Repeat the lines from the one containing "Microsoft To Do" through the last line of the data, exactly, pictures omitted.

[Opening ENTRIES SUPPLIED section]

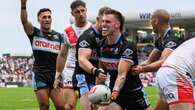 Sharks land blow on Dragons to make top-four claim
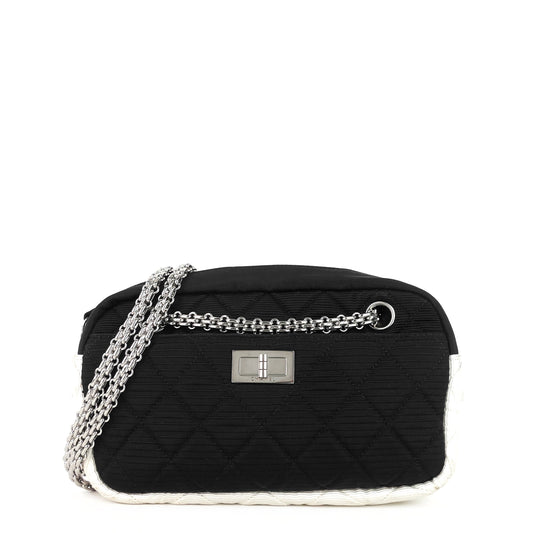 Chanel Reissue Small Two-Tone Nylon Shoulder Bag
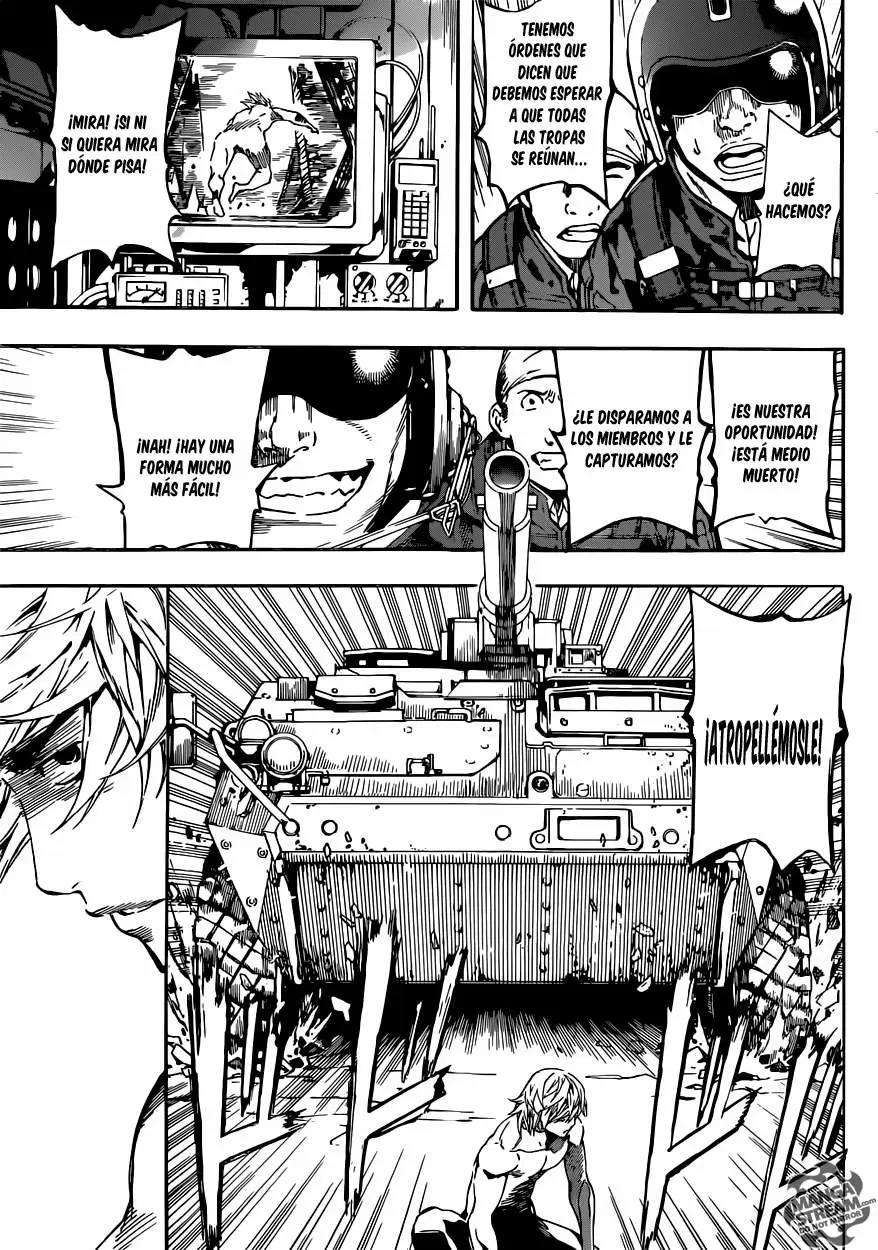 Area D - Inou Ryouiki - Capítulo 66 - Página 13 - LectorTMOo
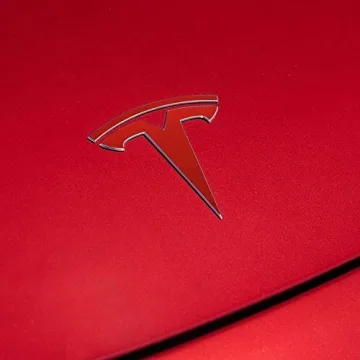 Customize Your Tesla Model 3 with Pearl Red Decals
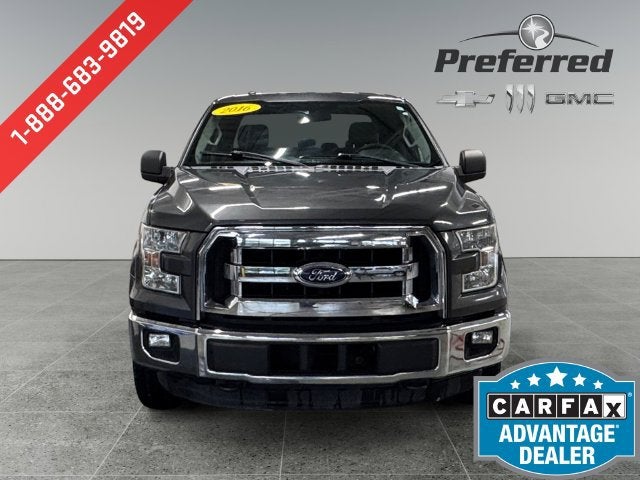 2016 Ford F-150 XLT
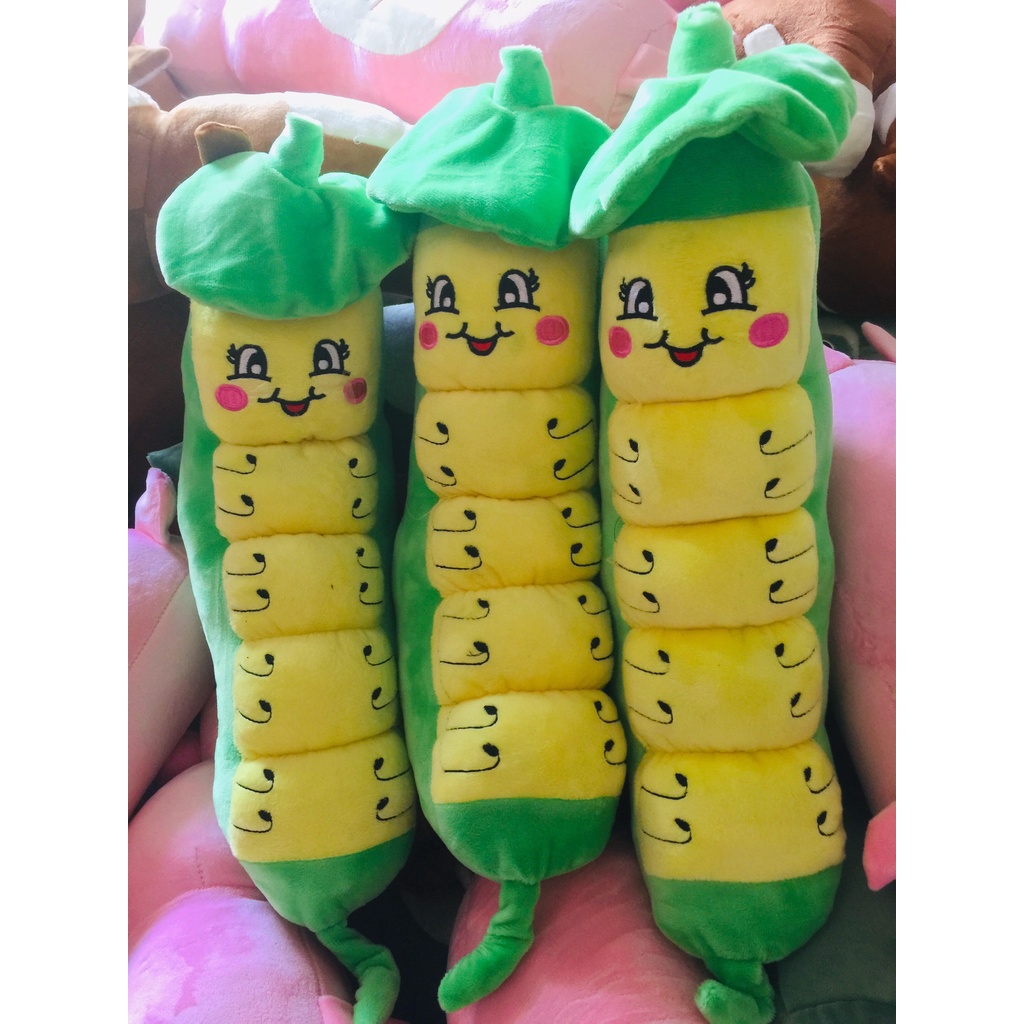 ❤️Giá Xưởng❤️Thú Bông Sâu Lá,Gối Ôm Hình Sâu Siêu Dễ Thương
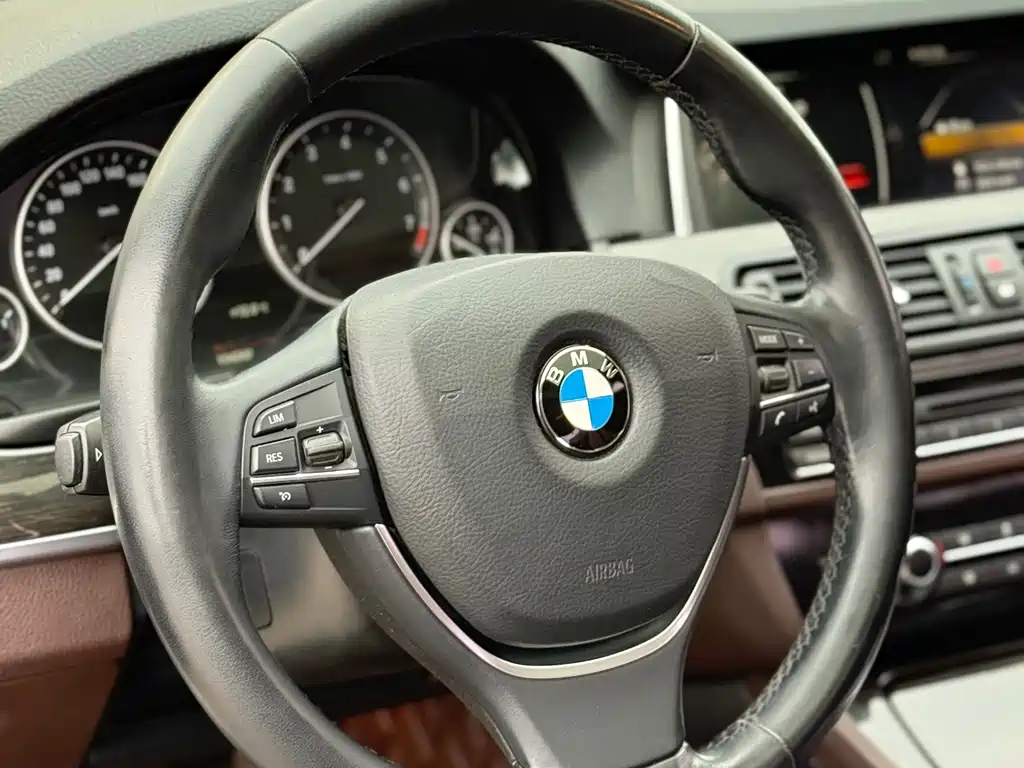 BMW 5 Series 2016 — фото 7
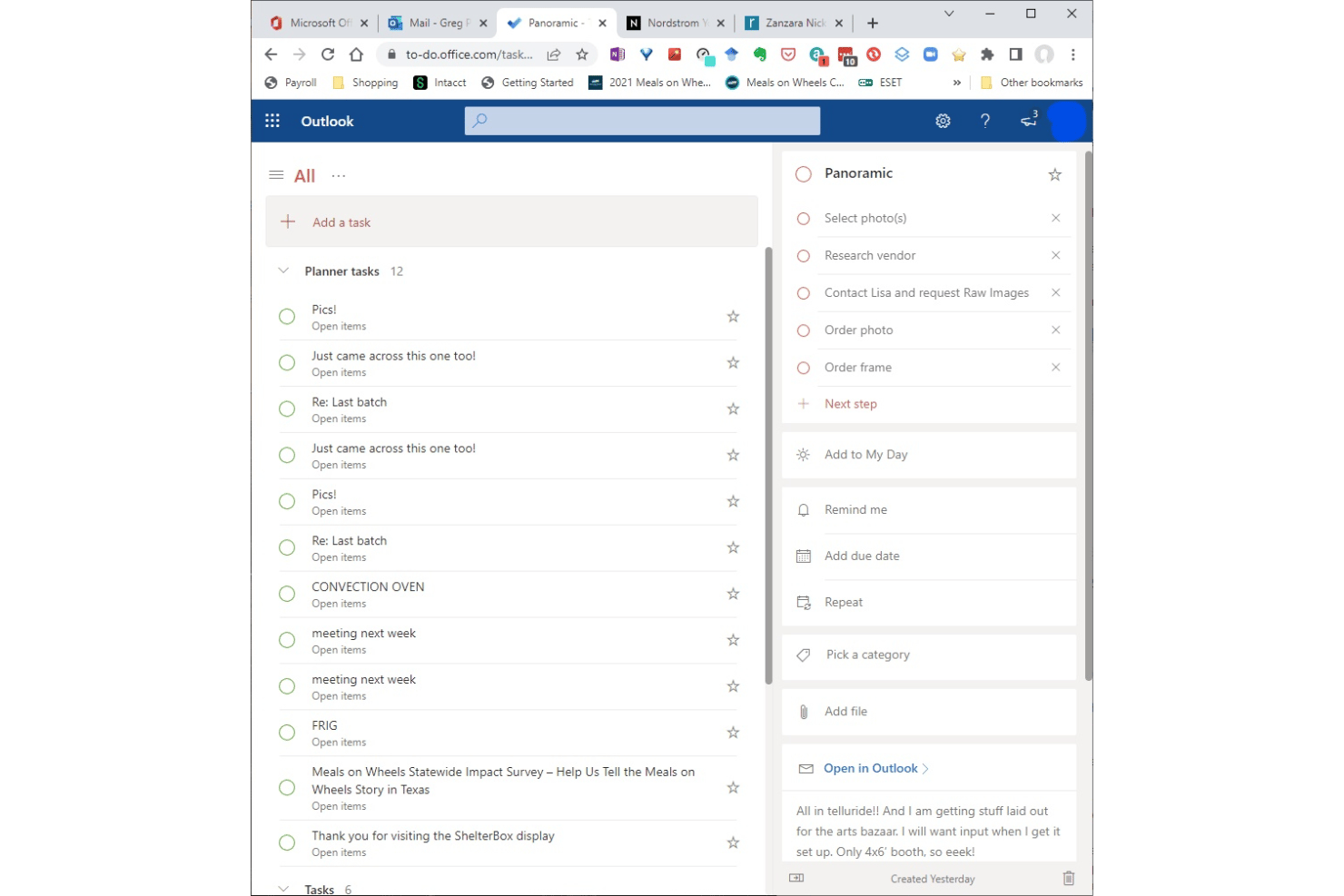 Microsoft To Do screenshot - 10 Best Task Management Software for Individuals in 2026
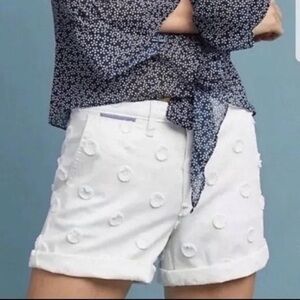 Anthropologie Chino shorts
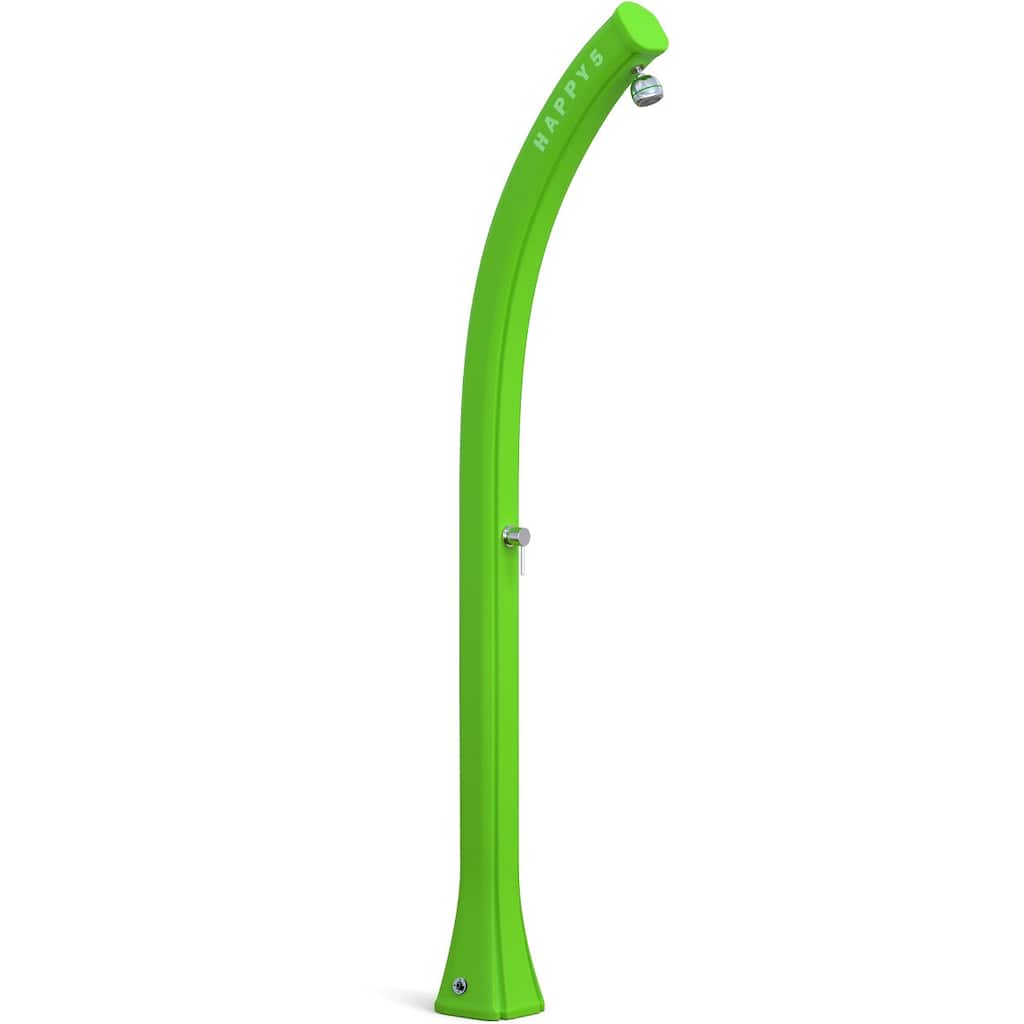 Outdoor Solar Heated Easy-connect Shower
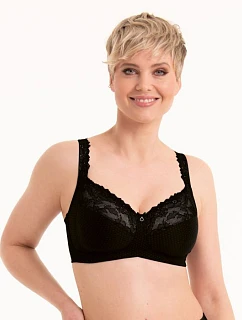Eloise soft podprsenka . 5296 black - RosaFaia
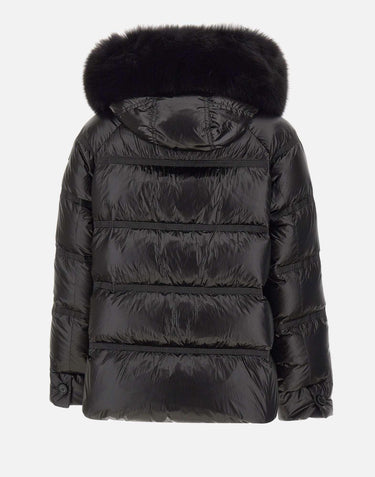 Piumino "Takan RpMid Fur" PED5123 01181752NER PEUTEREY 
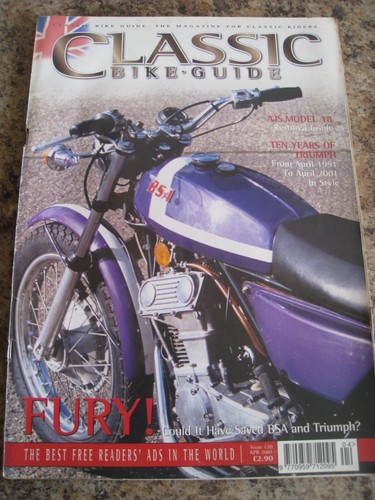 Classic bike guide apr 2001 - classic,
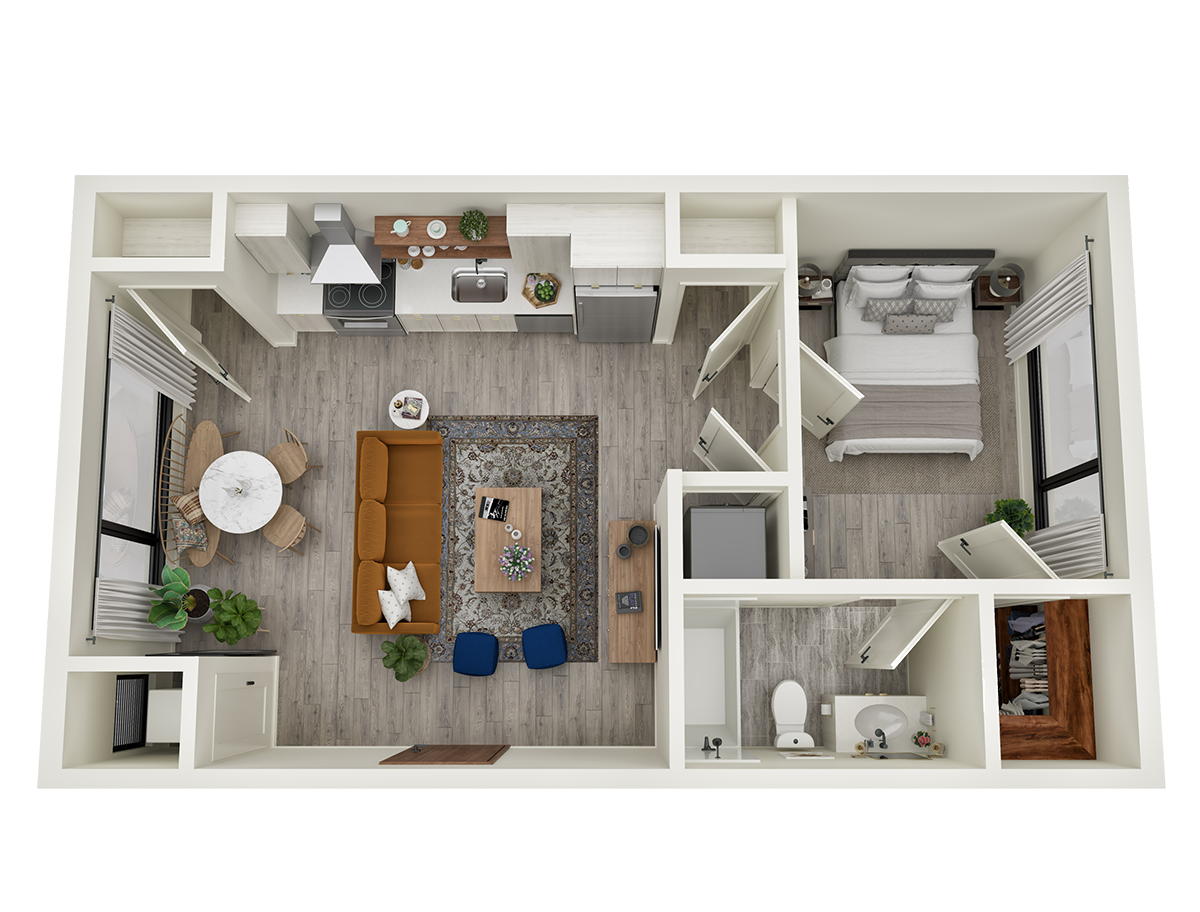 Reed - floor plan image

[Closing ENTRIES SUPPLIED section]

* EXERCISE OUTPUT *
 Microsoft To Do screenshot - 10 Best Task Management Software for Individuals in 2026
 Anthropologie Chino shorts
 Outdoor Solar Heated Easy-connect Shower
Eloise soft podprsenka . 5296 black - RosaFaia
 Piumino "Takan RpMid Fur" PED5123 01181752NER PEUTEREY 
 Classic bike guide apr 2001 - classic,
 Reed - floor plan image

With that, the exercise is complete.